The need to vaccinate children as early as the first year of life is based on several considerations:

• The vaccine is highly effective in infants, and the duration of protection it provides is sufficient to protect a person vaccinated in early childhood from exposure to the risk, even decades later.

• The vaccine is very well tolerated, and no reports of serious side effects have ever emerged.

• Including this vaccine in hexavalent combination vaccines protects infants without requiring additional injections, whereas at least two doses are needed to vaccinate older children.

• Finally, the very high vaccination coverage among infants makes it possible to envisage the eventual elimination of hepatitis B in France.

Since 1982, more than 1 billion doses of vaccine have been administered worldwide. Hepatitis B vaccination has been recommended by the World Health Organization (WHO) for all infants since 1997 and is included in the vaccination schedules of all European Union countries (with the exception of a few countries, mainly in Northern Europe, where the infection is very rare).
Hepatitis B vaccination is mandatory for all infants born on or after January 1, 2018, starting at 2 months of age.
Catch-up vaccination is also recommended for all children and adolescents up to age 15 who have not previously been vaccinated, as well as for certain individuals at increased risk: travelers to certain high-risk countries, newborns of mothers with the HBs antigen in their blood, people who have sex with multiple partners, people who use drugs by injection or snorting… Vaccination is also mandatory in certain professions, particularly healthcare workers

There is currently no specific vaccine against the hepatitis D virus, but vaccination against hepatitis B provides protection against hepatitis D. In the absence of a specific means of preventing HDV superinfection, the only protection lies in primary prevention (hygiene and preventive measures related to the mode of transmission).

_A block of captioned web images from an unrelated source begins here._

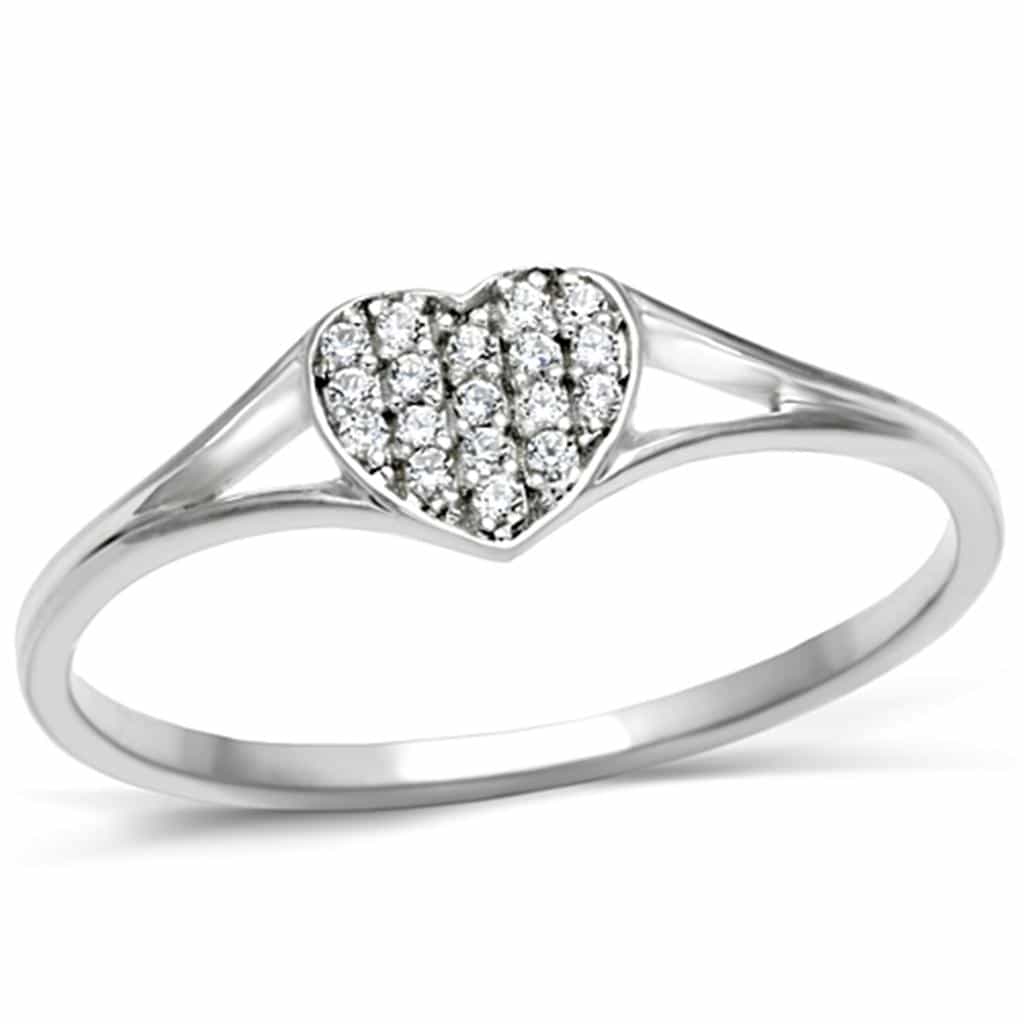 Sterling Silver CZ Pave Heart Flat Ring | The Stainless Jewelry view 5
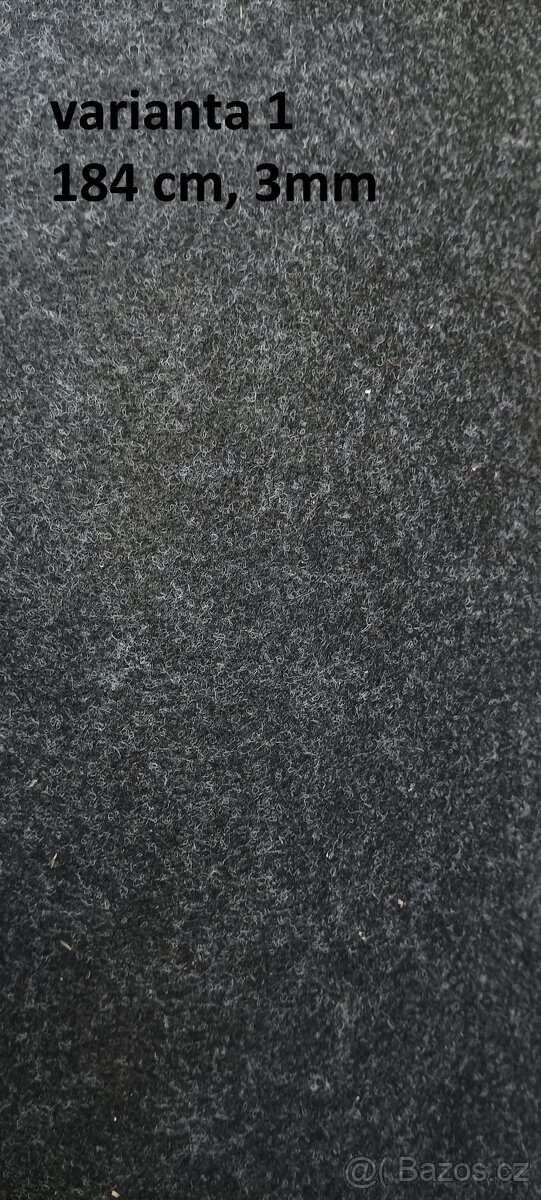 Zátěžový koberec - černý velur a jekor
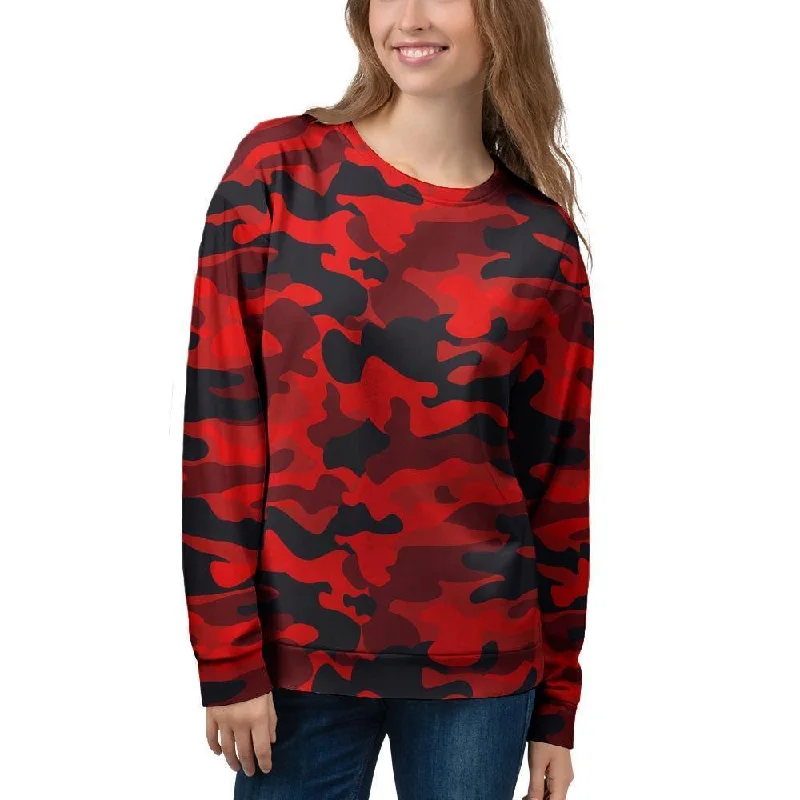 Red Camo Print Women's Sweatshirt Hoodie with Hem Patch Decorative Personalized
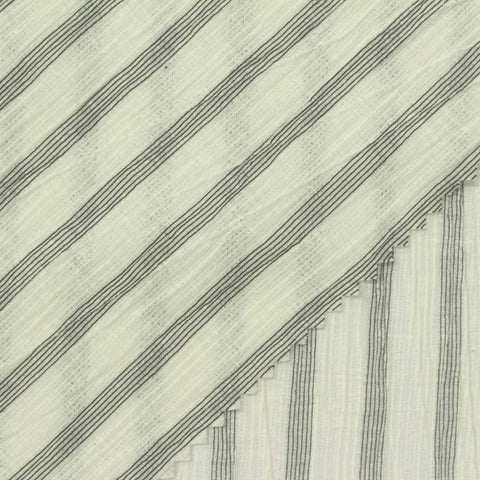 Dark Grey Vertical-Stripe Crepe, Cotton-Poly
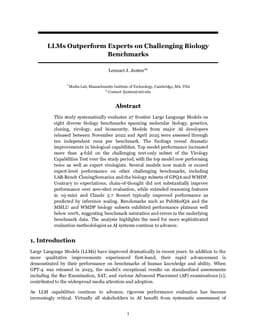 LLMs Outperform Experts on Challenging Biology Benchmarks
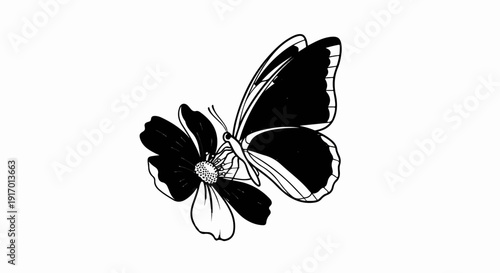 A stark black and white illustration of a butterfly alighting on a dark flower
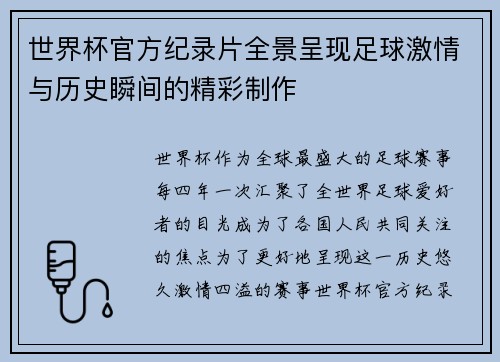 世界杯官方纪录片全景呈现足球激情与历史瞬间的精彩制作 世界杯官方纪录片全景呈现足球激情与历史瞬间的精彩制作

Screening of at-risk individuals

Apart from mandatory screening for pregnant women and blood donors, the screening strategy for hepatitis B virus infection is not clearly defined. Screening targeted at individuals at risk of exposure to HBV is recommended.
Indeed, many people are unaware of their HBV serostatus, as only 17.5% (95% CI: 4.9–46.4) of chronic hepatitis B carriers were aware of their infection in 2016.
Screening enables the management of infected individuals. It also allows for the vaccination of those who are not immune and for whom vaccination is indicated.

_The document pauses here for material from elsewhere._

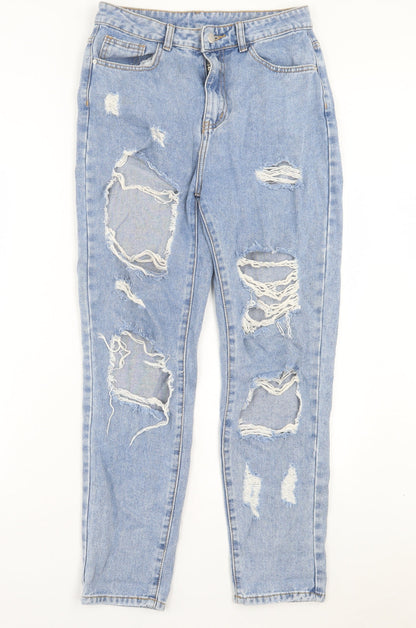 SheIn Womens Blue Cotton Straight Jeans Size M L28 in Regular Button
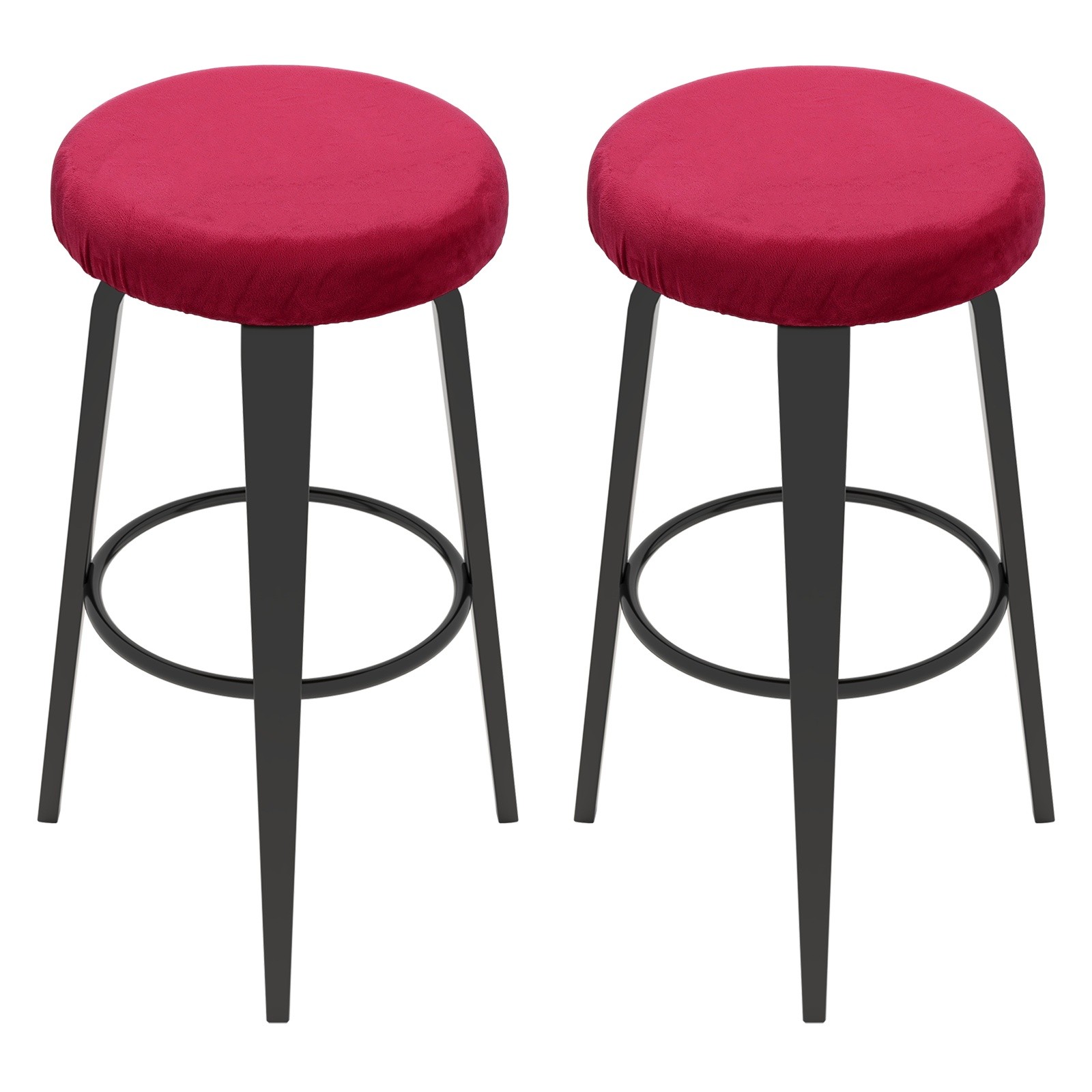 2 Pcs Bar Stool Covers, 10-14" Round Stool Covers with Elastic Band, Red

Current treatments do not cure the infection but help control it

Hepatitis B treatment relies on two classes of drugs: interferon α and nucleoside or nucleotide analogs. These treatments do not achieve complete viral clearance but only inhibit viral replication.

There is no specific effective treatment for hepatitis D.

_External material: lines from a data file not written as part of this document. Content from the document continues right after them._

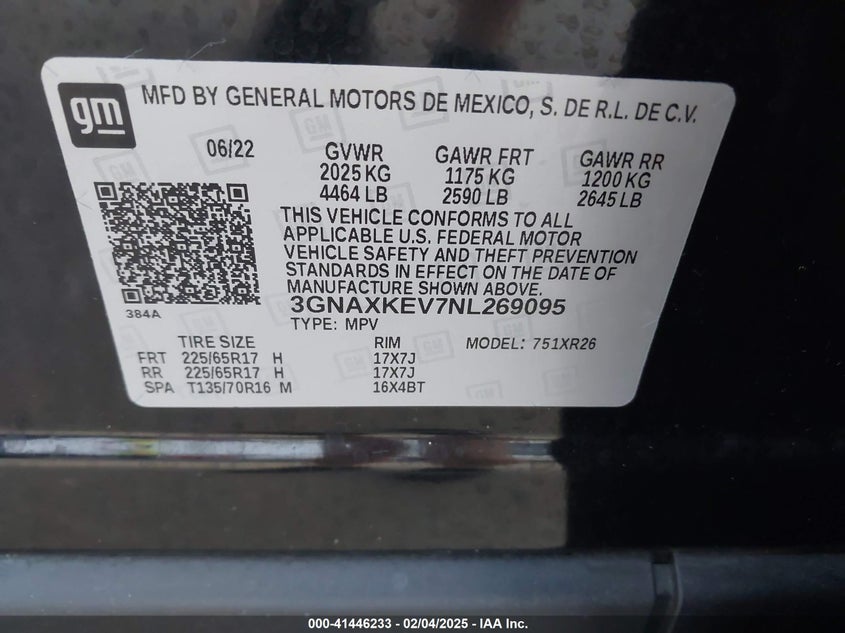 2022 CHEVROLET EQUINOX VIN: 3GNAXKEV7NL269095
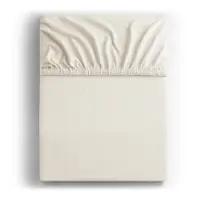 Cearceaf alb-crem din jerseu cu elastic 140x200 cm Amber – Restilo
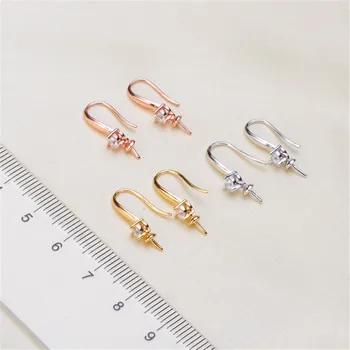 

HOT Pearl Earrings Mountings, DIY Earrings Findings Settings Jewelry 925 Sterling Silver Parts Fittings Drop Earrings Accessorie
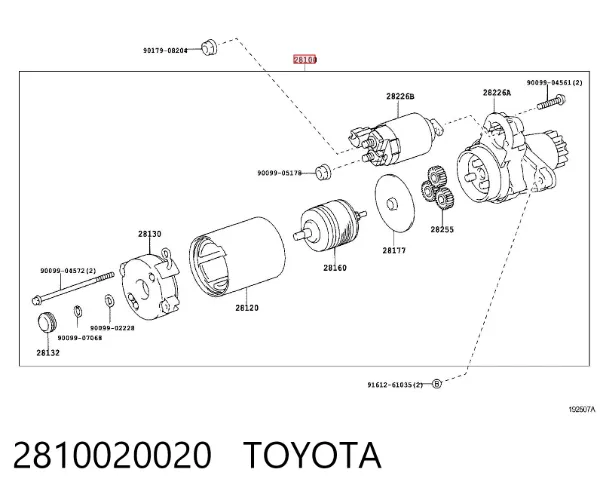 Motor de arranque 2810020020 Toyota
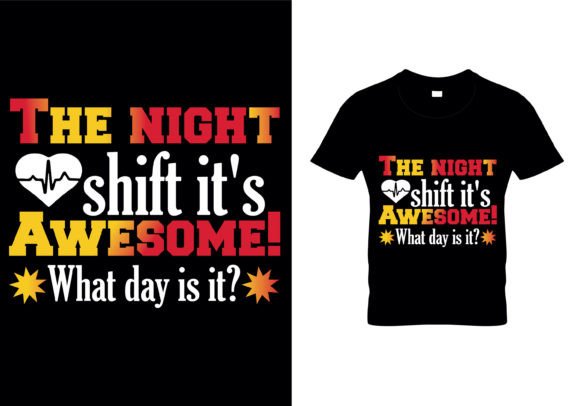 Night Shift Embroidery: A Unique Nurse T-Shirt Design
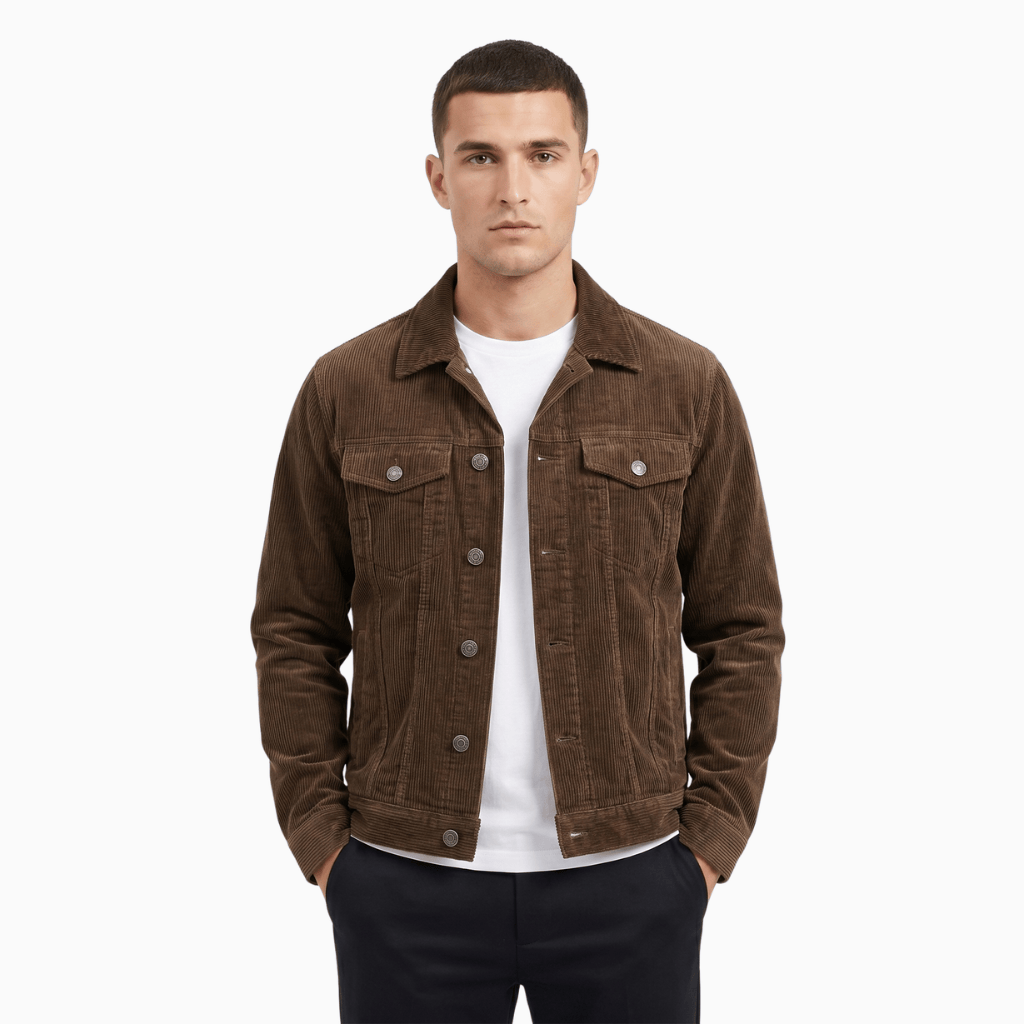 Kent Camden Coffee / S KNOX Casual Bomber Jacket Regular Fit Zip Closure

International regional disparities

Internationally, there are broadly three zones of chronic hepatitis B prevalence (HBsAg carriage), corresponding to different modes of transmission and risk levels:

• A highly endemic region with an HBsAg carrier prevalence of ≥8% (Sub-Saharan Africa, Southeast Asia, Southern China, the Amazon Basin), where the majority of infections are acquired at birth or during the first years of life

• An area of moderate endemicity with an HBsAg prevalence between 2% and 7% (the Middle East, Central and South America, Central Asia, the Indian subcontinent, certain countries in Southern and Eastern Europe), where infection occurs at all ages;

• A low-endemic zone with an HBsAg prevalence of less than 2%, comprising primarily industrialized countries (Western and Northern Europe, North America, Australia), where infection occurs mainly in adulthood, primarily through sexual transmission.

France is classified as a low-endemic country for the hepatitis B virus. There are regional and departmental variations.